44. A method of testing a fuel cell system in accordance with claim 40 wherein the supply of fuel to the tested sub-system is discontinued by closing the auxiliary fuel valve for the tested sub-system while the main fuel valve is open.

45. A method of testing a fuel cell system in accordance with claim 40 wherein, while one sub-system is being tested, fuel is supplied to other sub-systems and those other sub-systems continue to operate.

46. A method of testing a fuel cell system in accordance with claim 45 wherein the sub-systems are cartridges that are removable from a rack by hand.

47. A method of testing a fuel cell system in accordance with claim 40 wherein fuel is used to perform the pressure tests.

48. A fuel cell system comprising:

a main fuel valve;

a main bleed outlet;

a plurality of fuel cell sub-systems having respective fuel inlets coupled to the auxiliary fuel valves, having respective outlets coupled to the auxiliary bleed valves, and having respective polymer electrolyte membranes between the fuel inlets and fuel outlets;

a pressure transducer in pressure sensing relation to each fuel cell sub-system; and

a controller coupled in controlling relation to the main and auxiliary fuel and bleed valves and configured to control the auxiliary fuel and auxiliary bleed valves to pressure test certain of the sub-systems one at a time by supplying fuel to the tested sub-system, while the auxiliary bleed valve for the tested sub-system is closed, until the pressure of the tested sub-system reaches a predetermined level, then discontinuing the supply of fuel to the tested sub-system and monitoring if pressure of the tested sub-system drops by more than a predetermined amount during a predetermined amount of time using the pressure transducer that is in pressure sensing relation to the sub-system being tested.

49. A fuel cell system in accordance with claim 48 wherein the controller effects sequential testing of all sub-systems.
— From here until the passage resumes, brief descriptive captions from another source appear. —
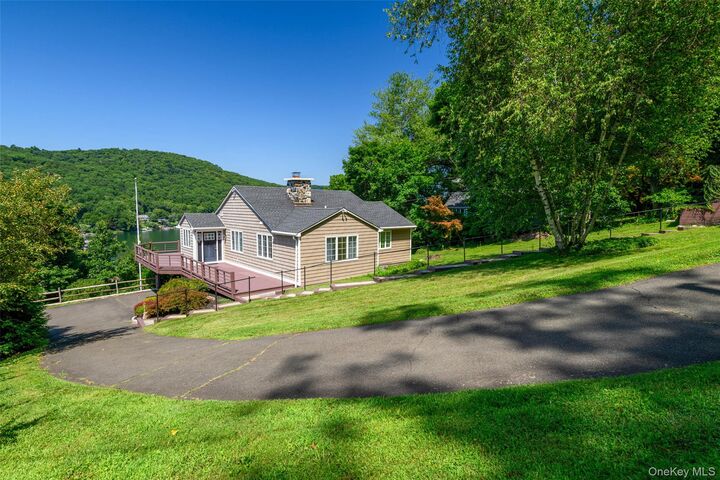 Property Photo:  36 Sunset New Fairfield, Ct Trail  NY 06812 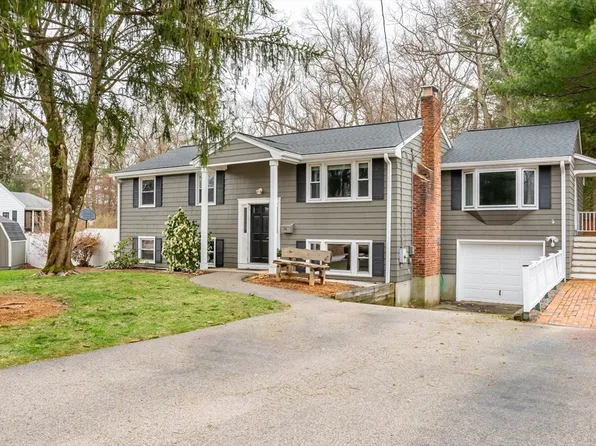 26 Eastman Ave, Foxboro, MA 02035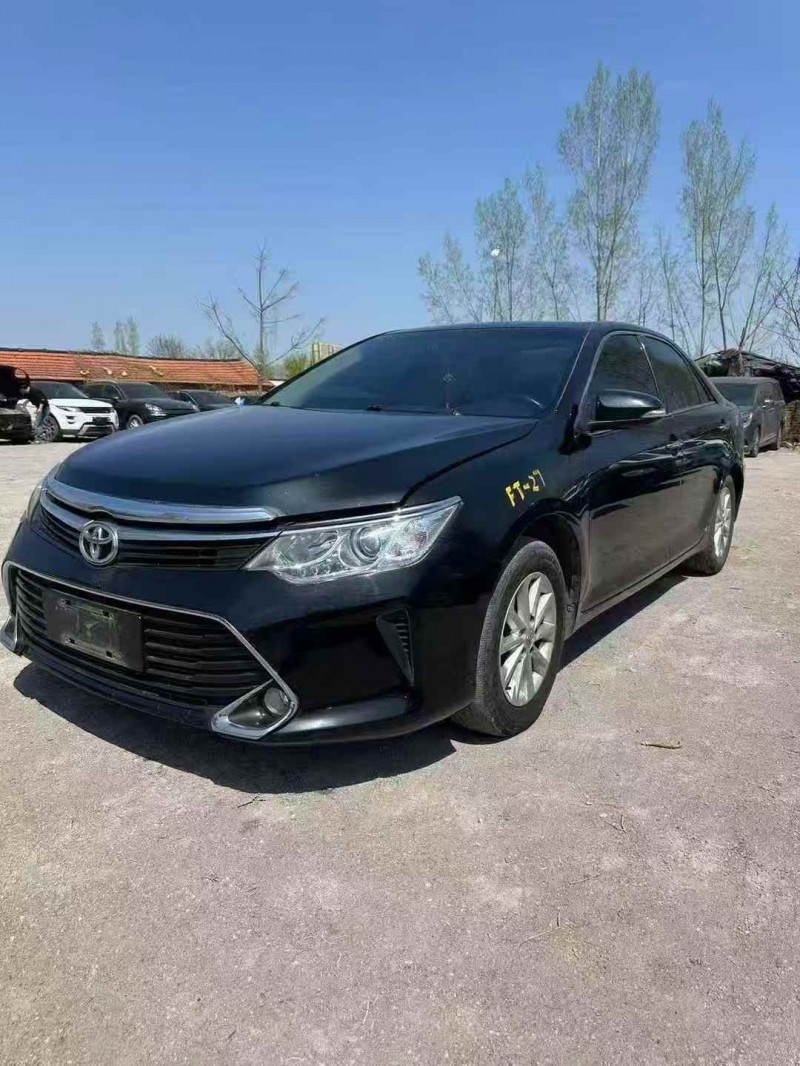 东营16年丰田凯美瑞3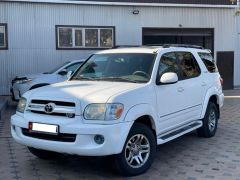 Photo of the vehicle Toyota Sequoia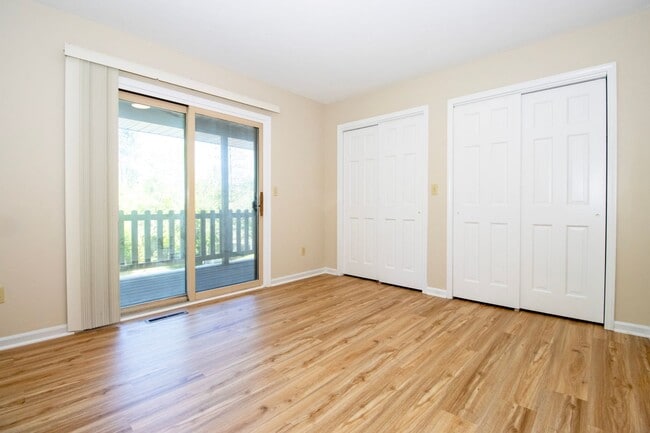 Building Photo - Two Bedroom Apartment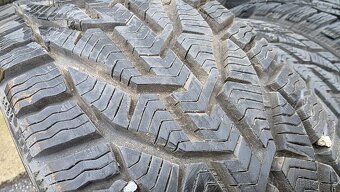 Zimní pneumatiky 195/55/15 - 2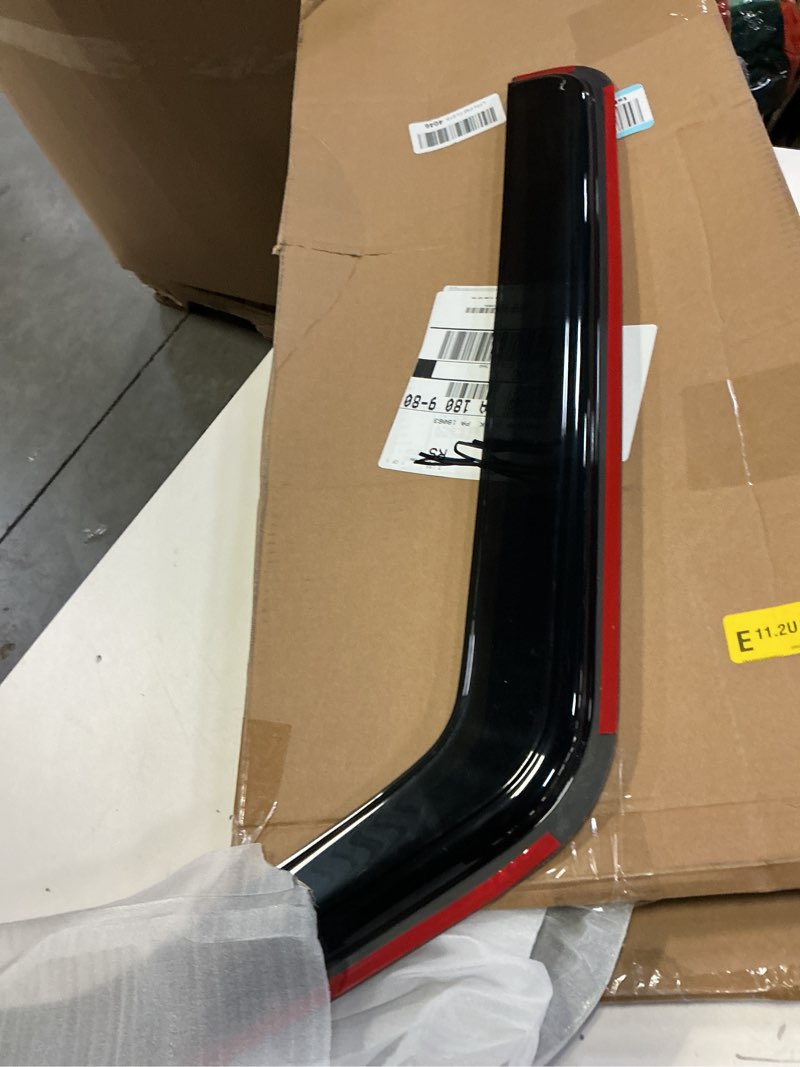 Condition photo showing Good Condition for ventvisor window deflectors; dark smoke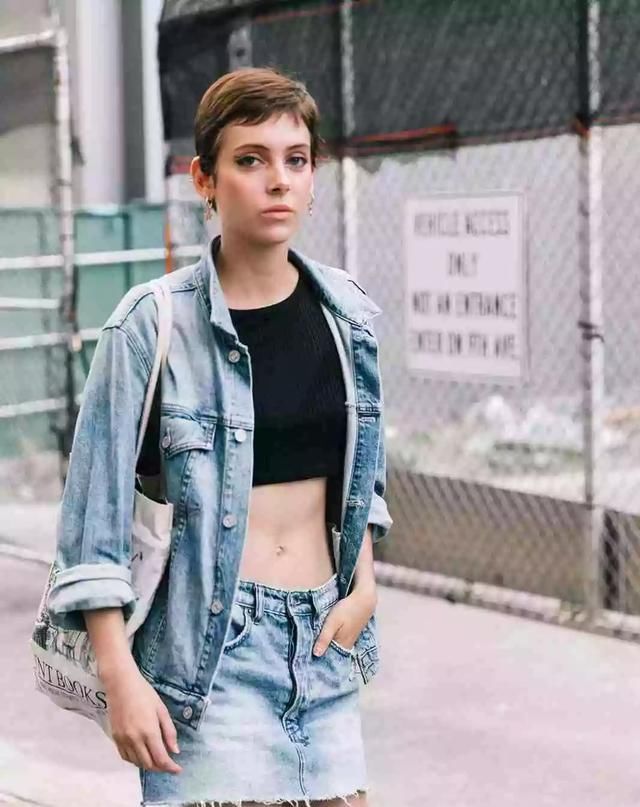  『打造』运用经典色打造时髦造型!早春实用穿搭指南,你最pick哪一套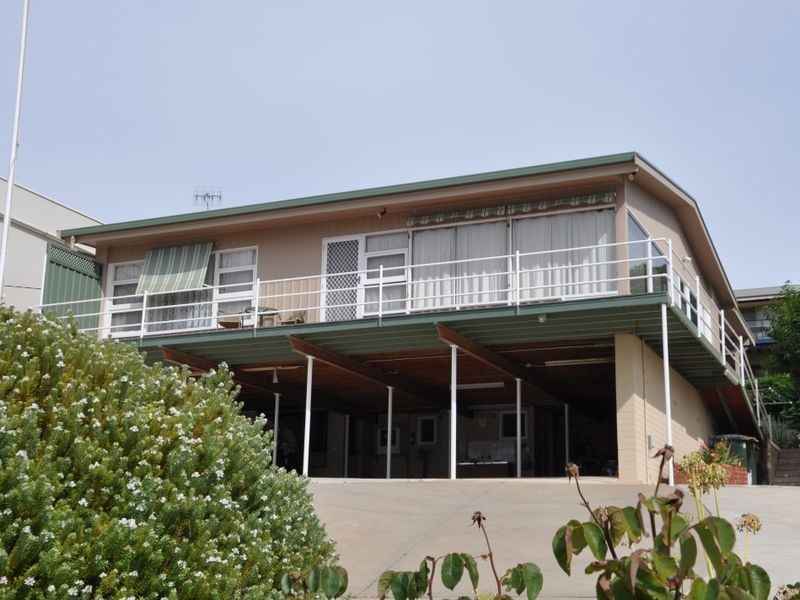 1 Kirby Street, Encounter Bay SA 5211
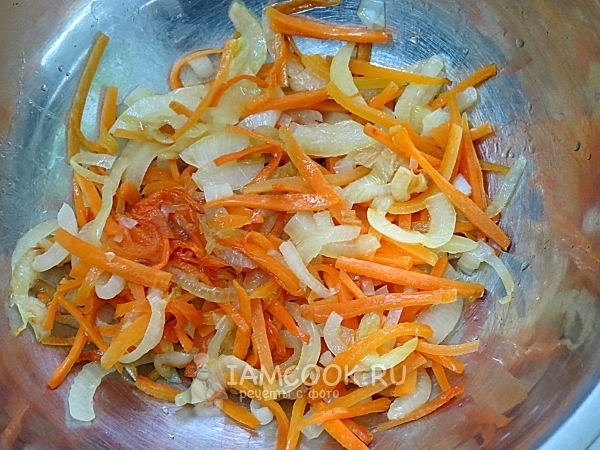 Обжарить морковь с луком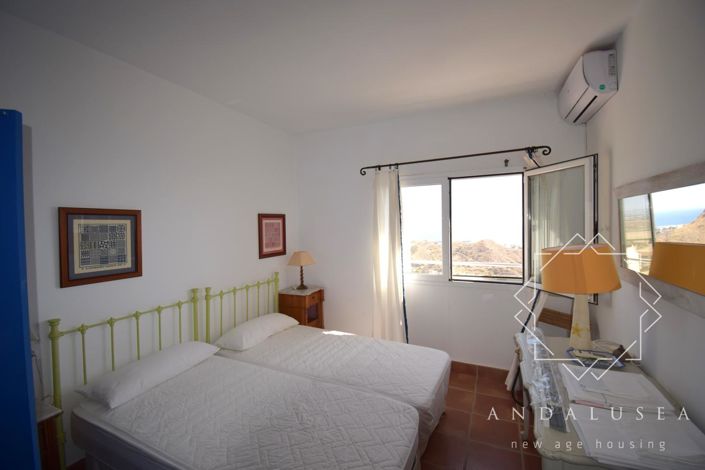 Image No.22-4 Bed Property for sale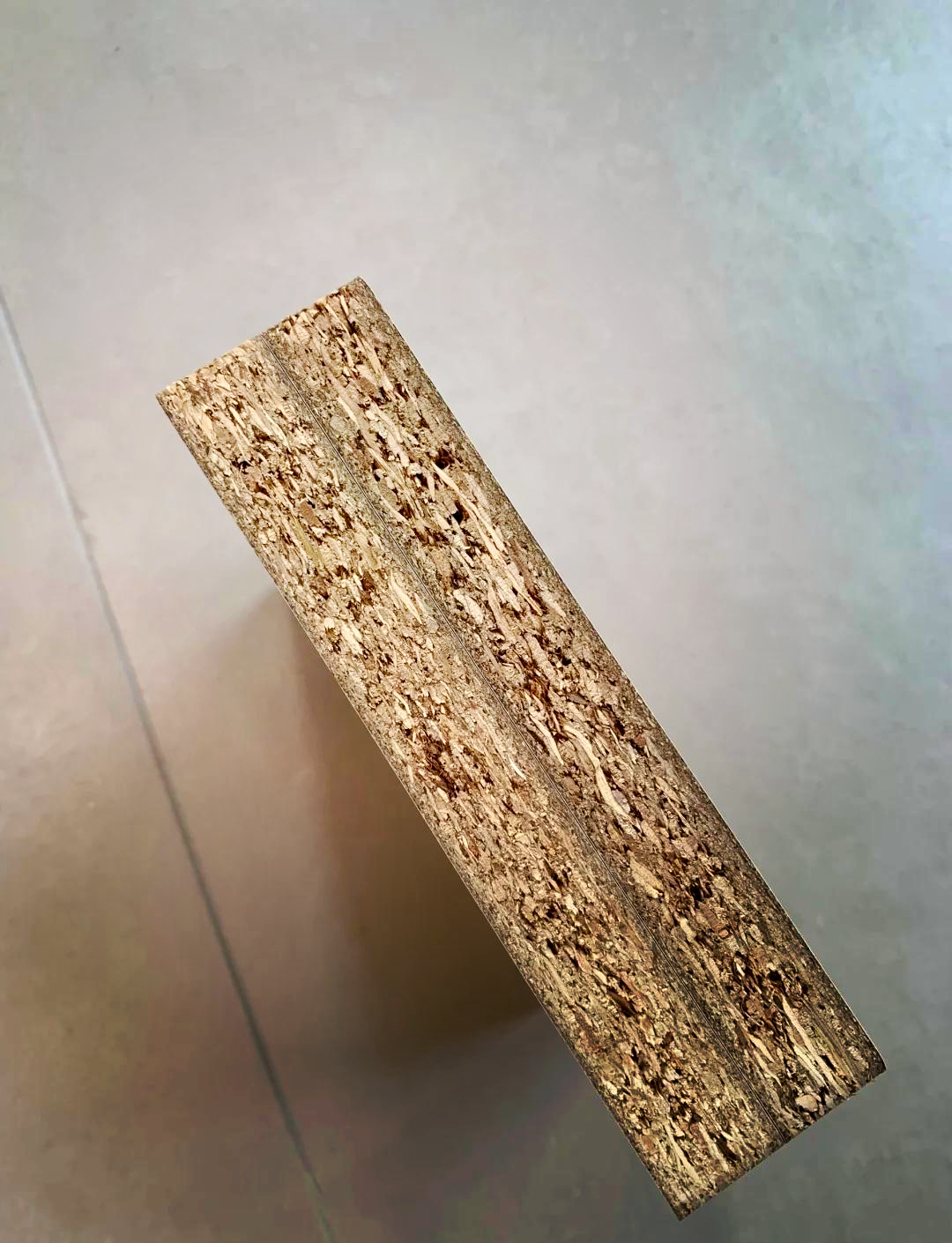 洛阳颗粒板：你以为的“好板材”，恰恰是高端品牌淘汰的对象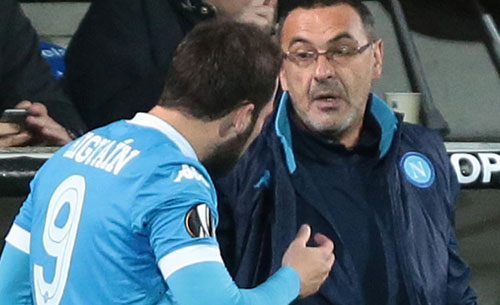 RETROSCENA – Sarri disse: “Devi migliorare ancora”. Higuain non la prese bene e reagì così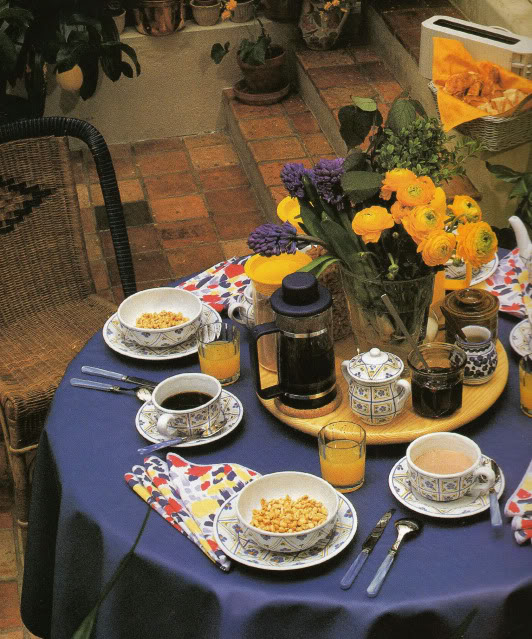 [FrenchTableSettingsforDreamGodde-1.jpg]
50. A fuel cell system in accordance with claim 49 wherein the controller causes the sequential testing to be performed periodically.

51. A fuel cell system in accordance with claim 48 wherein the controller effects the one at a time pressure testing of sub-systems at scheduled times

52. A fuel cell system in accordance with claim 48 wherein the controller discontinues the supply of fuel to the tested sub-system by closing the auxiliary fuel valve for the tested sub-system while the main fuel valve is open and other auxiliary fuel valves are open.

53. A fuel cell system in accordance with claim 48 wherein, while the controller effects testing of one sub-system, the controller causes fuel to be supplied to other sub-systems and those other sub-systems continue to operate.

54. A fuel cell system in accordance with claim 53 and further comprising a rack defining a plurality of compartments respectively in fluid communication with auxiliary fuel and bleed valves, and wherein the sub-systems are cartridges that are removable from the rack by hand.

55. A fuel cell system in accordance with claim 48 and further comprising a communications interface coupled to the controller, wherein the controller effects a communication requesting service, using the communications interface, in response to the controller determining that a sub-system failed a leak test.

56. A fuel cell system in accordance with claim 55 wherein the communications interface comprises a dialer configured to call a number, and wherein the communications interface plays a prerecorded message when the call is answered, in response to the controller determining that a sub-system failed a leak test.

57. A fuel cell system in accordance with claim 55 wherein the communications interface sends an e-mail, in response to the controller determining that a sub-system failed a leak test.

58. A fuel cell system in accordance with claim 55 wherein the communications interface sends a page to a pager, in response to the controller determining that a sub-system failed a leak test.